College of LAS « Illinois

Faculty Focus

Evolutionary Ideas

Karen Sears explores the history that shaped life as we know it.

Karen Sears

Let’s look past the flesh-eating beetles, shall we, and focus on the big picture of what’s happening in the laboratory of Karen Sears: She’s examining the evolutionary forces that influence what she calls the “morphological diversification” of mammals, from ear bones to limbs....

Okay, so maybe it isn’t so easy to look past the flesh-eating beetles. Truth be told, the work of Sears, a professor of integrative biology in LAS, is not for the squeamish, nor can you call it a typical career path. Sears’s mother likes to recall how, when Sears was just a girl, she was asked what she wanted to be when she grew up.

“A paleoanthropologist,” came the reply, and though that’s not exactly what she turned out to be, it’s along the same lines as her work today as an evolutionary biologist.

“Most kids go through the dinosaur phase, and those of us in paleontology, we just never outgrew it,” jokes Sears in her laboratory in Morrill Hall.

Today, Sears has become one of the more well-known evolutionary biologists in her field. That beetle colony in her laboratory, though it may make the skin crawl, is in fact a vital tool by which Sears examines the skeletons of rodents and other animals. Those skeletons and other features are helping her shine new light on how mammals—including humans—have evolved over millions of years.

Her work has gained widespread attention. Sears’s research has been featured in Extreme Mammals, a national touring exhibit through the American Museum of Natural History, and in April she appeared on PBS in Your Inner Fish, a three-part series exploring how “hidden within the human body is a story of life on Earth,” according to PBS.

Sears’s contribution to the series (in the second episode, subtitled Your Inner Reptile) is an exploration of how humans have ancient connections to reptiles. Sears explores how the reptilian ear evolved into a mammalian ear, with parts that reflect the modern human ear.

Millions of years ago, Sears explains, the reptiles that evolved into the first mammals had jawbones comprised of many bones put together. During the evolution of mammals, three of those bones migrated up the creature’s head to form the malleus, incus, and stapes, a more effective combination of bones otherwise known as the “definitive mammalian middle ear,” she says.

That’s merely a description of the evolution that occurred, however, so Sears turned to the gray short-tailed opossum to help determine how it happened. It turns out that the opossums are born with a reptilian jaw took place during the evolution of reptiles into mammals. As the opossums grow, three bones migrate, reptilian-like, from their jaw to form the middle ear.

With that in mind, Sears and her lab members (graduate student Dan Urban in particular) have been studying opossums in hopes of explaining what happened at the very dawn of mammals.

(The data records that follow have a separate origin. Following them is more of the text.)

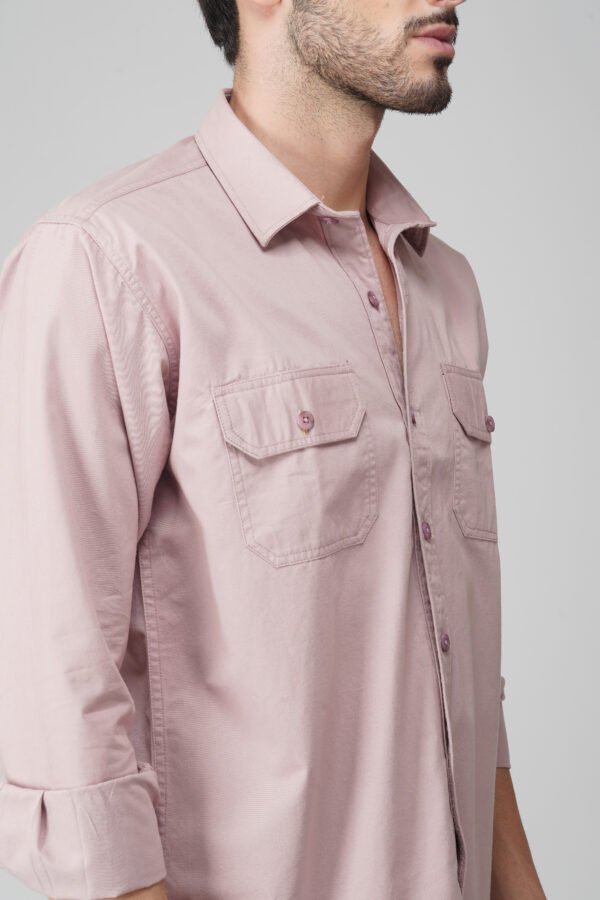 Chroma Peach Multi-Pocket Full Sleeve Plain Shirt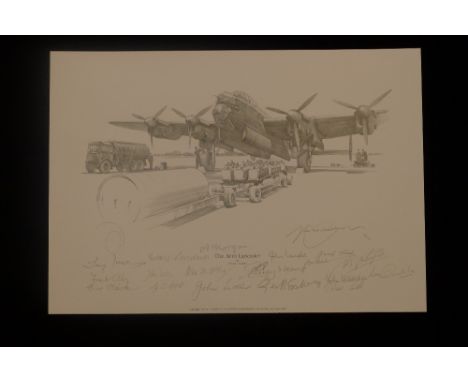 Nicolas Trudgian The Avro Lancaster signed by 18 RAF WW2 veterans of 49 and 617 Squadrons. This is the Limited Edition number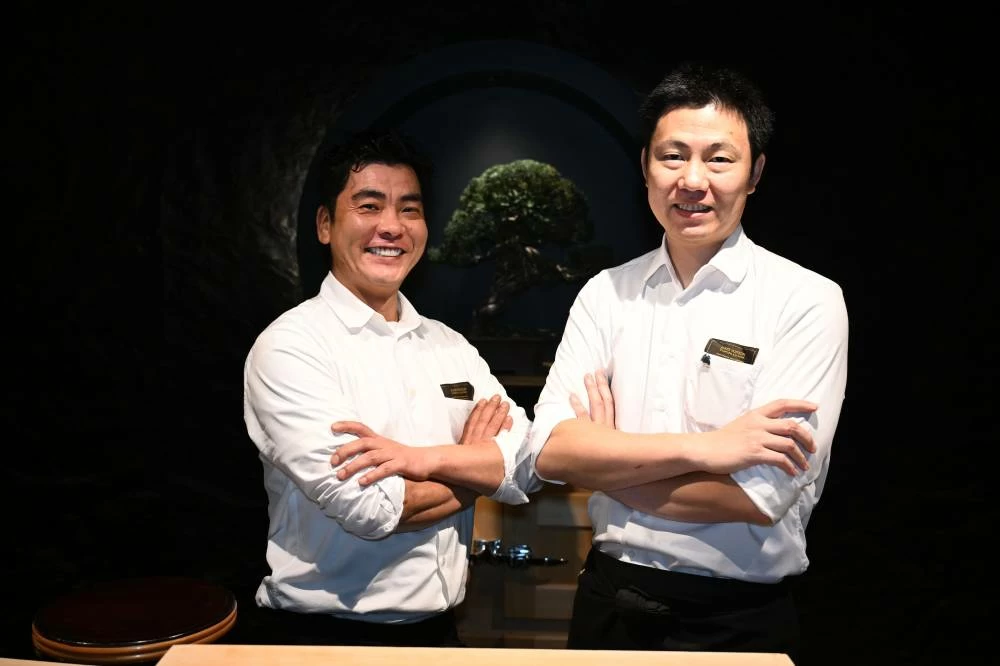 “Dubai made us grow in a different environment from Japan. We had more and more chances to introduce Japanese cuisine. We really appreciate Dubai. We really like it,” say Chef Hisao Ueda (left) and Chef Takashi Namekata. Picture: Naguib Mohammed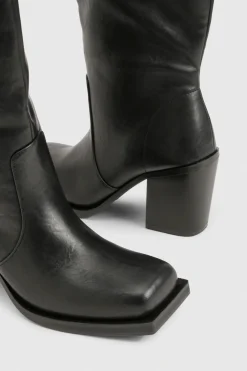 Bottes montantes à l'aspect vieilli à talons blocs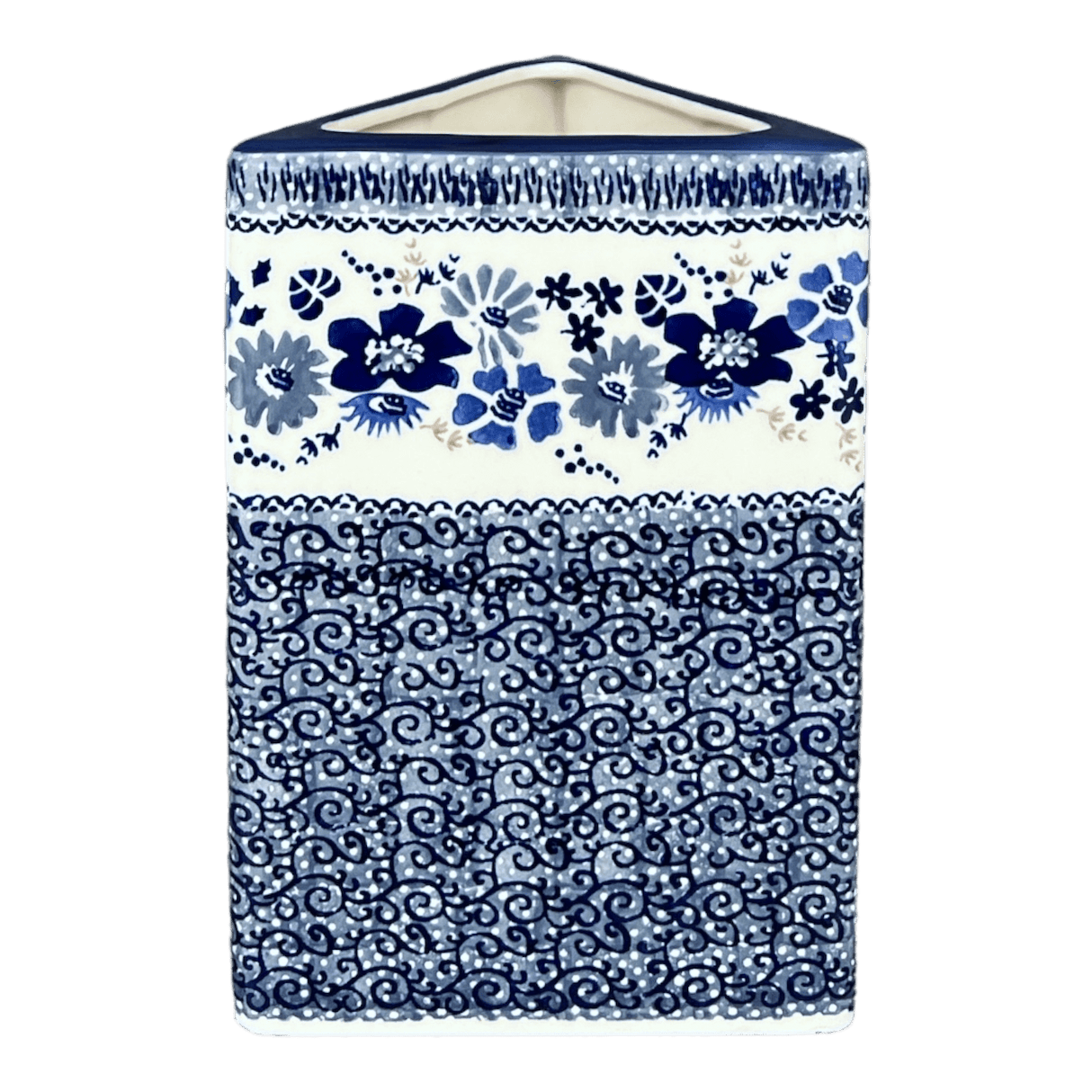 Vase, Triangular, 8" x 4.75" in "Blue Life" by Manufaktura | W027S-EO39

“We think that perhaps some changes in cell behavior, perhaps cell death, might have been involved in the breaking off [of bones] from the jaw,” she says. “We’re currently starting to look at some of the genes that might be involved in that process.”

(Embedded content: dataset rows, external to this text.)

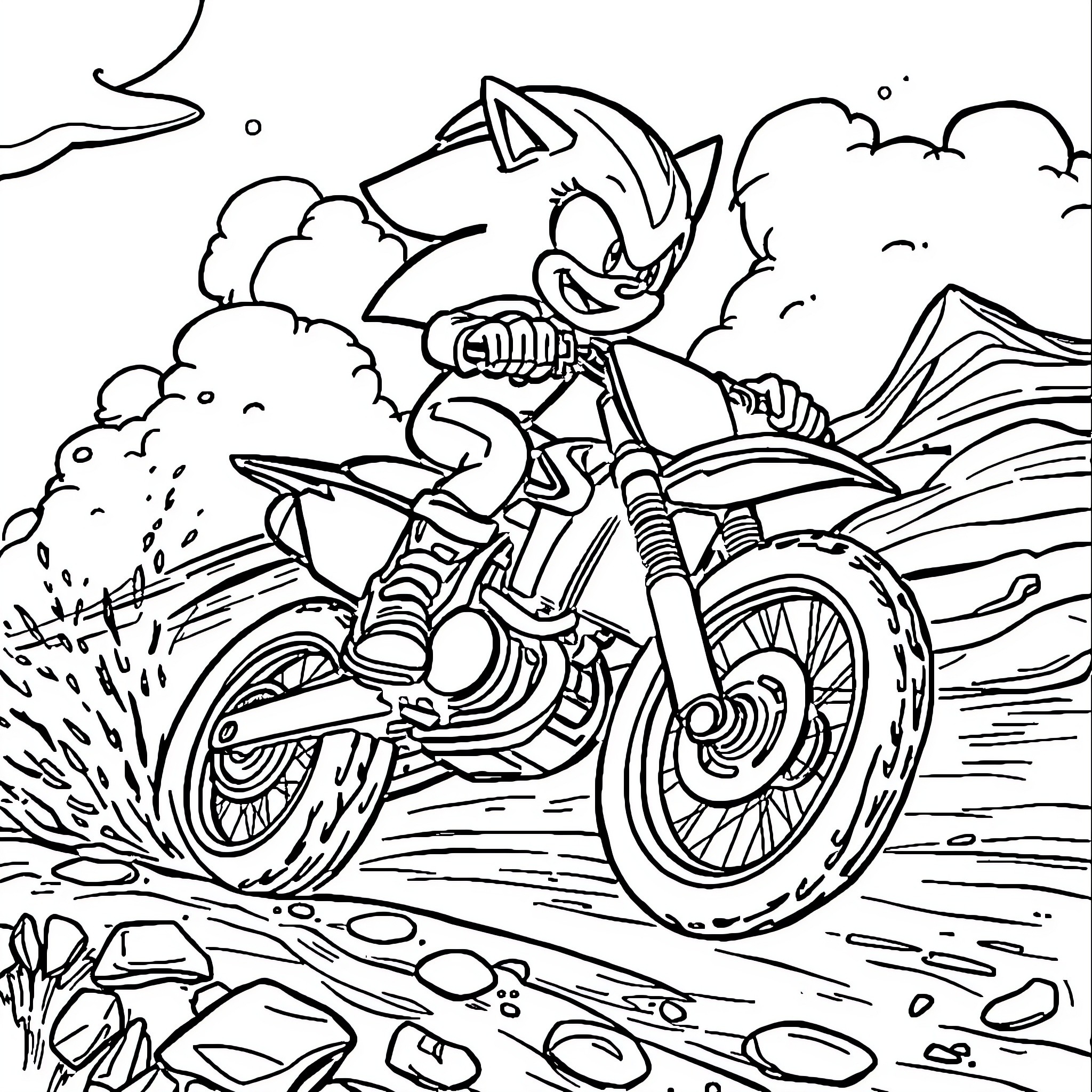 Sonic racing on a dirt motorcycle through the mountains Coloring Page (free black-and-white line drawing printable PDF for all, from beginners to advanced learners, including children, teens, adults, and seniors)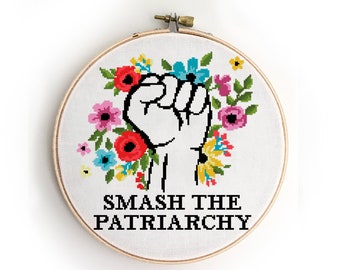 Feminist Floral Cross Stitch Pattern: Easy Peony Design (PDF)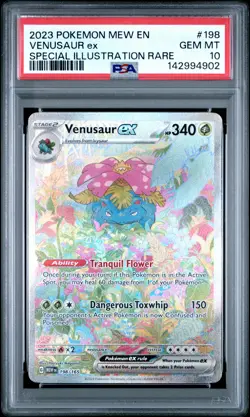 2023 POKEMON MEW EN-151 SPECIAL ILLUSTRATION RARE #198 VENUSAUR EX PSA 10 - Image 1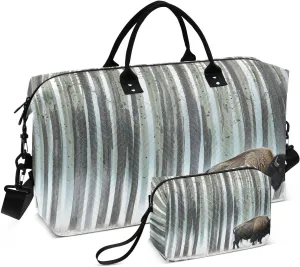 Bison Forest Winter Duffel Bag for Traveling, Travel Bag Gym Bag, with Multiple Interior Pockets Shoulder Weekender Bag for Women Men with Toiletry Bag 20.5L x 7.9W x 13.8H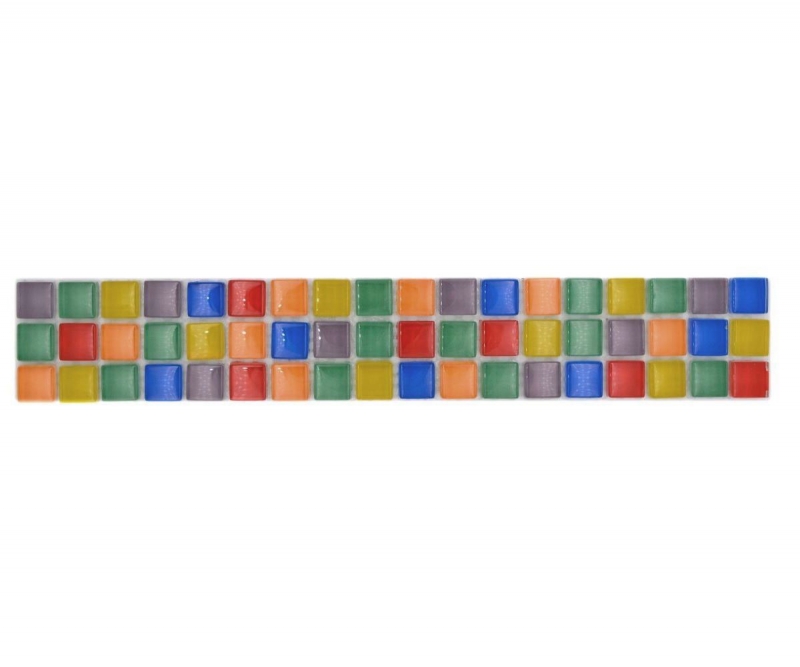 Mosaïque Borde Bordure Carreau de verre Mosaïque multicolore MOS88BOR-XC123
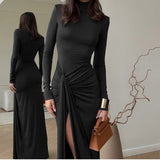 And Winter Fashion Sexy High Open Fork Strap Bag Hip Dress New Hottie High-Collar Dress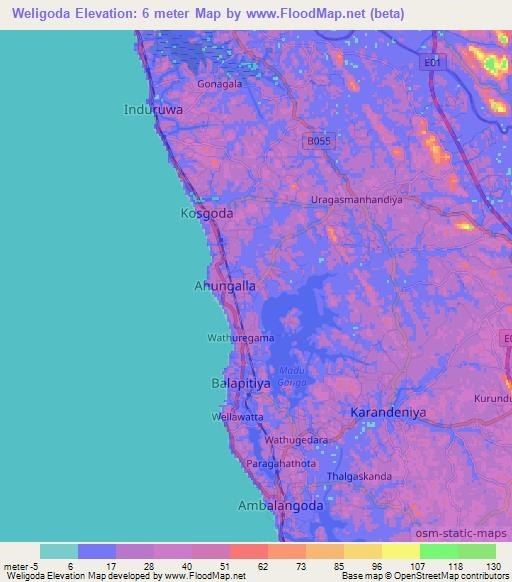 Weligoda,Sri Lanka Elevation Map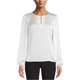 thumbnail image 1 of Kasper Womens Tie Neck Pullover Blouse natural XS, 1 of 1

The middle ear is just one of the many projects Sears is working on. She works with a team of four graduate students, and, with funding from grants from the National Science Foundation and other sources, Sears explores how various aspects of mammals have evolved. They travel as far as Trinidad to study bat wings, for example, and they are currently examining how hands and feet in mammals evolve to reduce the number of digits. For example, they see evidence that in prehistoric times, as choked jungles gave way to open grasslands, animals such as horses reduced digits in their feet to become better runners.

Karen Sears

Sears’s lab also conducts research with biomedical implications. They are studying thalidomide, the drug that was introduced in the 1950s to reduce morning sickness in pregnant women but actually resulted in thousands of deaths and gruesome birth defects. What Sears noticed, however, is that while humans and primates respond very strongly to thalidomide, rodents do not.

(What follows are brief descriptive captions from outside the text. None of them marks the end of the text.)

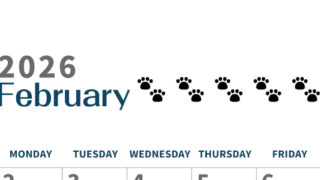 2026年2月カレンダーは縦型日曜始まりで猫の黒い肉球がゆるかわいいほっこりするイラストつき無料素材♪(2026-01220210)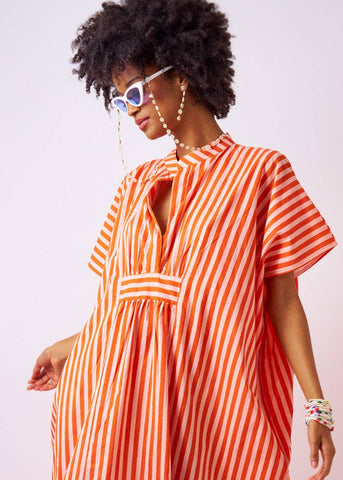 INK + ALLOY - Margot Stripe Kaftan Coral + Blush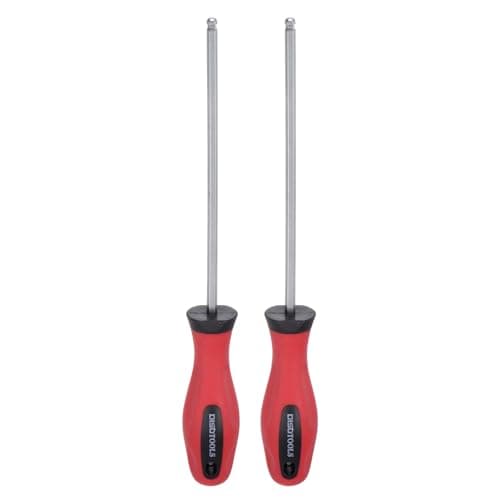 Image of sourcing map 2pcs Ball Head Hex Screwdriver 4mm x 125mm Magnetic Ball End Hexagonal Precision Screw Driver Hex Design Wrench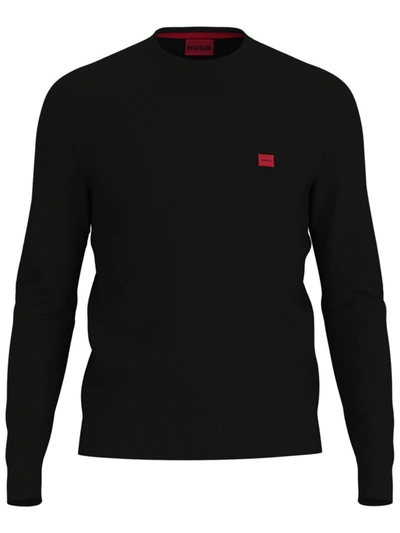 Hugo Boss San Cassius Mens Cotton Logo Crewneck Sweater In Black
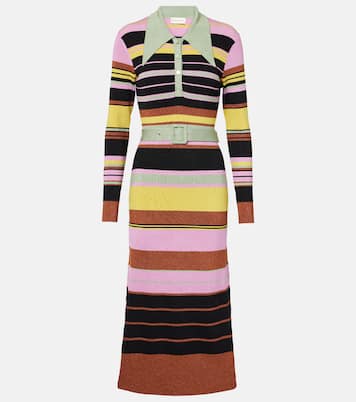 Abito midi in maglia a righe con lamé  | Rixo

“We want to understand what goes wrong during development when it’s introduced, and why different organisms respond differently,” Sears says. “Actually, thalidomide is the drug of choice now for leprosy in many areas of the world. So it’s being used again, and we’re starting to see more babies being born with thalidomide-generated defects. It’s still a global problem that we’re facing.”

With the PBS series, however, her research on the ear garnered more attention than any other project so far. She realized it at a recent press event in California, where PBS rolled out its upcoming shows, and Sears was asked to participate in a press conference to promote Your Inner Fish. Her comments were blogged by TV Guide, and she brushed past members of Sesame Street and Downton Abbey.

After all that, however, Sears appears most excited about simply continuing her work. “What really excites me now with the rise of evolutionary biology is being able to look at patterns and explain them, and explain why they happen, and why did this happen instead of that,” she says. “What really drives me is understanding not only the history of mammals on our planet, but our own evolutionary history, because we are mammals too.”